═══ DATASET CONTENT ═══

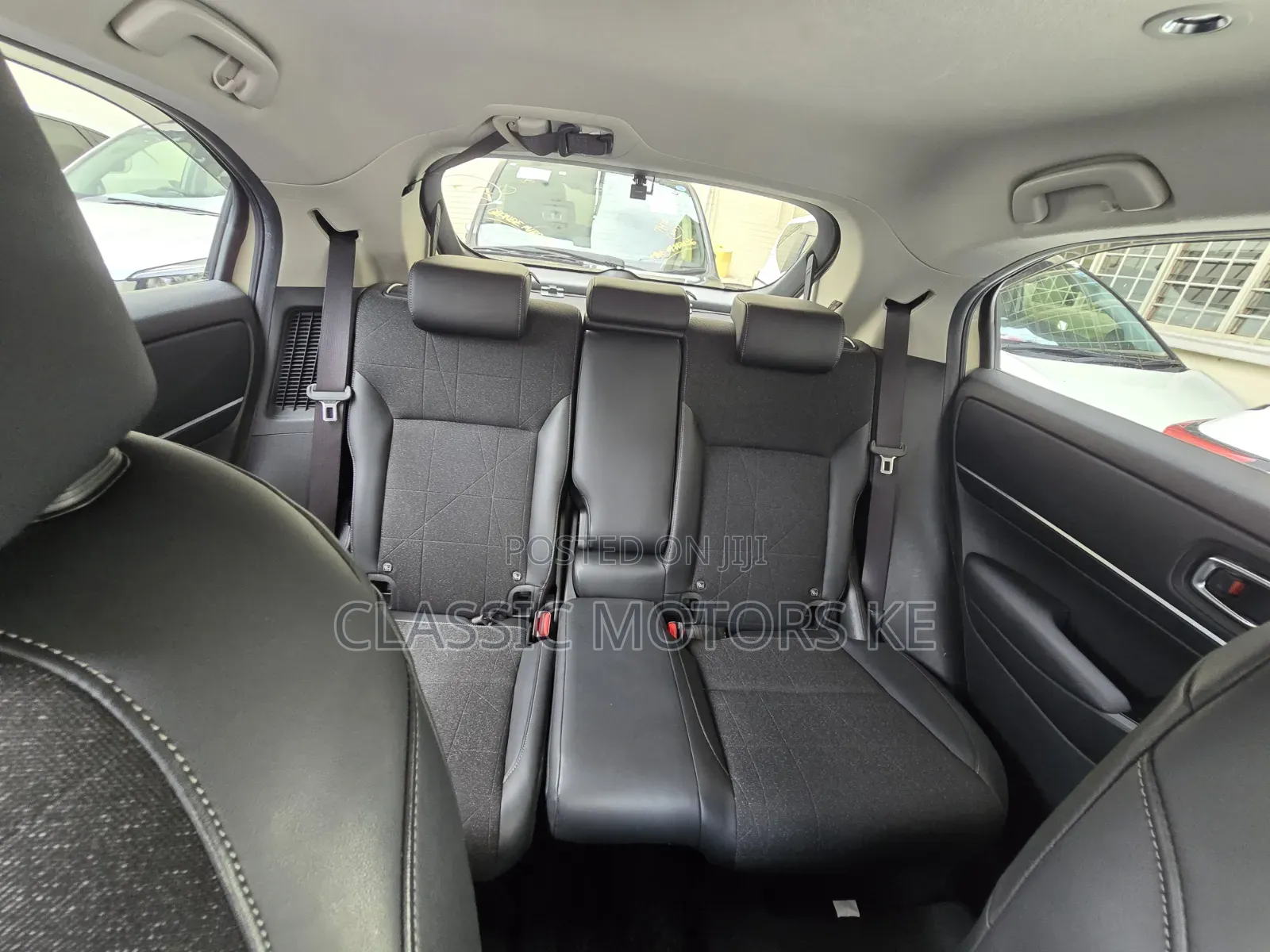 Honda Vezel 2021 Beige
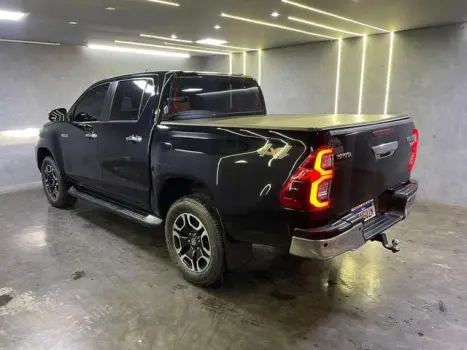 TOYOTA Hilux SW4 2.8 4P SRX 4X4 TURBO DIESEL AUTOMTICO, Foto 4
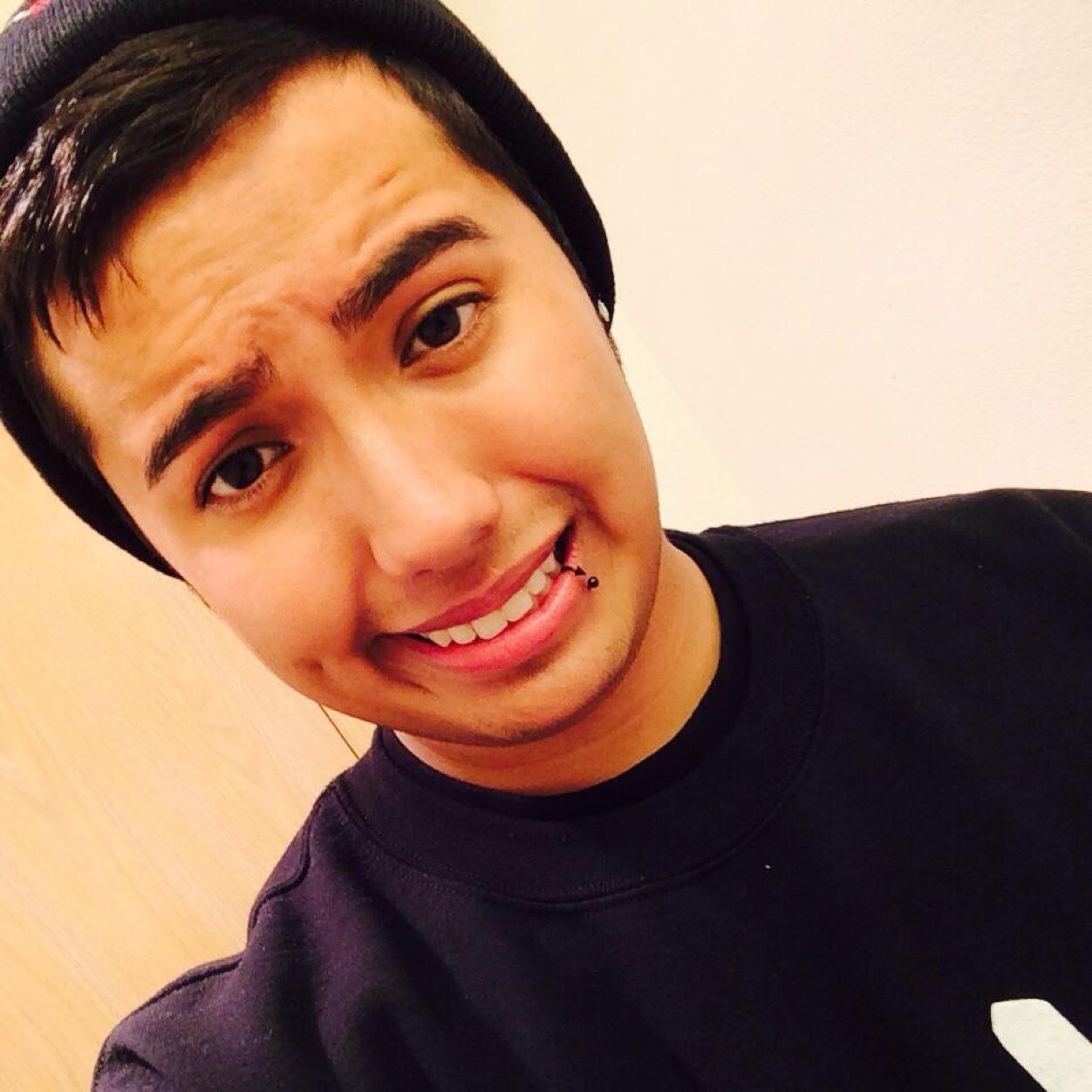 xFERNix's profile picture. Hi! Im Fernando✌️ but Ferni for short (: i Dedicate my life to Family & Friends! Helping others is what i like to do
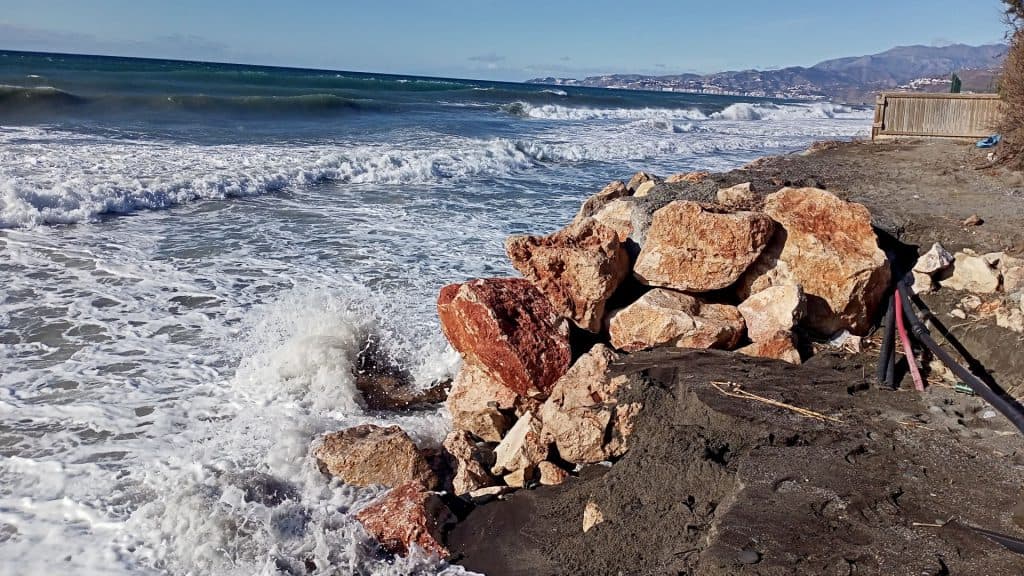 El fuerte temporal de poniente vuelve a «comerse» la orilla de Playa Granada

═══

DIRECTIONS =
Would you restate the listing word for word and leave every picture out?

TASK RESPONSE =
 Honda Vezel 2021 Beige
 TOYOTA Hilux SW4 2.8 4P SRX 4X4 TURBO DIESEL AUTOMTICO, Foto 4
 xFERNix's profile picture. Hi! Im Fernando✌️ but Ferni for short (: i Dedicate my life to Family & Friends! Helping others is what i like to do
 El fuerte temporal de poniente vuelve a «comerse» la orilla de Playa Granada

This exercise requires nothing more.